# Applying in person for an EEA residence card?



## Oleander77 (May 2, 2012)

I thought that wasn't possible, but then I just saw THIS:UK Border Agency | Premium service for applications in the UK

Assuming that this in-person set up does NOT apply to people making EEA residence card applications, but just wanted to double check because it would amazing if it were possible! 

(On the UKBA site they say they can NOT process your application in person if "your case is not covered by the Immigration Rules;" not entirely sure what this means and if EEA RC cases would be covered by the Immigration Rules or not). 

Thanks!


----------



## Joppa (Sep 7, 2009)

Oleander77 said:


> I thought that wasn't possible, but then I just saw THIS:UK Border Agency | Premium service for applications in the UK
> 
> Assuming that this in-person set up does NOT apply to people making EEA residence card applications, but just wanted to double check because it would amazing if it were possible!
> 
> (On the UKBA site they say they can NOT process your application in person if "your case is not covered by the Immigration Rules;" not entirely sure what this means and if EEA RC cases would be covered by the Immigration Rules or not).

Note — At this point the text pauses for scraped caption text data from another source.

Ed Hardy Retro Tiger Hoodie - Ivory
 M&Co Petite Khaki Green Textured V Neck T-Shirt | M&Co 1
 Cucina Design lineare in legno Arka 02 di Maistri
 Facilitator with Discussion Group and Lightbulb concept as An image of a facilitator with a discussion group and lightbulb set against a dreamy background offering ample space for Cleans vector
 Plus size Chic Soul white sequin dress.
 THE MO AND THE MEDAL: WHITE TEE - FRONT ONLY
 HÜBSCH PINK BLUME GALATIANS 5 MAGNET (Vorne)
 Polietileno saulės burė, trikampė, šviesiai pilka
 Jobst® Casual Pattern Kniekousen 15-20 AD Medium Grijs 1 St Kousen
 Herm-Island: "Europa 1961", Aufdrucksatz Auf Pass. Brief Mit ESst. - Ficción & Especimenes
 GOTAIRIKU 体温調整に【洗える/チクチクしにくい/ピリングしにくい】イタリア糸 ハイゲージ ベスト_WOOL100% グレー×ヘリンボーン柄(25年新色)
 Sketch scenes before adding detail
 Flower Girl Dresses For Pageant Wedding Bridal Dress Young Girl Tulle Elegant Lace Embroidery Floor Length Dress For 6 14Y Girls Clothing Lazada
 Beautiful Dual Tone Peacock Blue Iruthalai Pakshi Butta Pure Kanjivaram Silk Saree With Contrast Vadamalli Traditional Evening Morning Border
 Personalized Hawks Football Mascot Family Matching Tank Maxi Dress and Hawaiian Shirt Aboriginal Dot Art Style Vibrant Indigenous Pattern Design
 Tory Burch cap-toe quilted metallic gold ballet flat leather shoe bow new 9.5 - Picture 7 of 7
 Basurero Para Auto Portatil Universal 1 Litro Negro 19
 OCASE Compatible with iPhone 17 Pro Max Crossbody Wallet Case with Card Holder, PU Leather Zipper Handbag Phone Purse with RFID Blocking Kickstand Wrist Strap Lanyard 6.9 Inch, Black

The short answer is you can't.
There was a proposal that UKBA would introduce same-day premium service in Liverpool (only) for EEA applications (EEA2, EEA4), but it seems to have been quietly dropped. There was, and certainly is, demand for it, but I think it fell foul of EU regulations that no charges can be levied for applications under European rules, other than things like postage. 

So you have no choice but to post your application to Liverpool and wait. Average processing time is around 2-3 months. If you do need your passport back for urgent travel, you can request it and your application stays in the queue. They will later ask for it if the permit is ready to be affixed.


----------



## Oleander77 (May 2, 2012)

Joppa said:


> The short answer is you can't.
> There was a proposal that UKBA would introduce same-day premium service in Liverpool (only) for EEA applications (EEA2, EEA4), but it seems to have been quietly dropped. There was, and certainly is, demand for it, but I think it fell foul of EU regulations that no charges can be levied for applications under European rules, other than things like postage.
> 
> So you have no choice but to post your application to Liverpool and wait. Average processing time is around 2-3 months. If you do need your passport back for urgent travel, you can request it and your application stays in the queue. They will later ask for it if the permit is ready to be affixed.


Thanks very much, Joppa. I figured it was something like that (and if there was a faster way to do it, I bet I would have heard about it on this board!) but thought I'd double check.


----------